**EXERCISE DATA:**
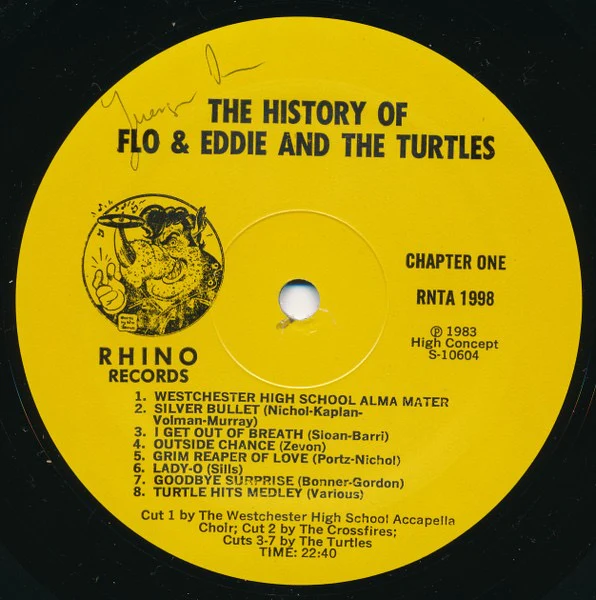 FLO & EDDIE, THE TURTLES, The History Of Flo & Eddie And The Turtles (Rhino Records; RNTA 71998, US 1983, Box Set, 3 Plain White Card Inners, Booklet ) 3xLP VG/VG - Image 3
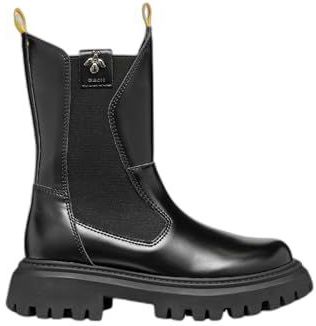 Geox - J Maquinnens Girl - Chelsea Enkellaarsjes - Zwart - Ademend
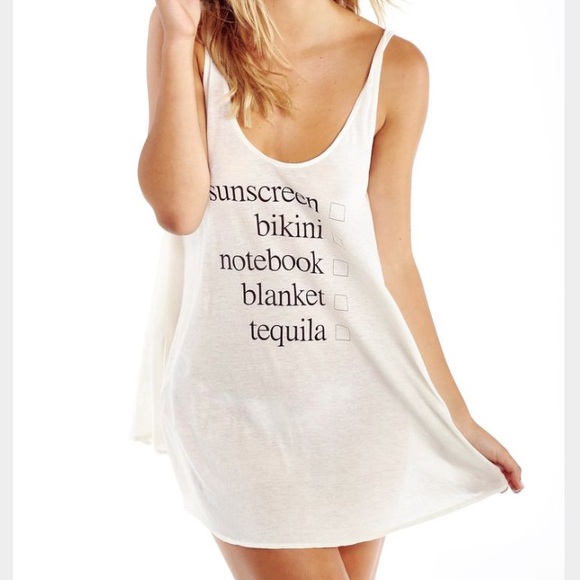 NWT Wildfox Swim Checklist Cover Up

**EXERCISE OBJECTIVE:** Write out every line above again exactly, with the pictures left out.

**RESPONSE:**
 FLO & EDDIE, THE TURTLES, The History Of Flo & Eddie And The Turtles (Rhino Records; RNTA 71998, US 1983, Box Set, 3 Plain White Card Inners, Booklet ) 3xLP VG/VG - Image 3
 Geox - J Maquinnens Girl - Chelsea Enkellaarsjes - Zwart - Ademend
 NWT Wildfox Swim Checklist Cover Up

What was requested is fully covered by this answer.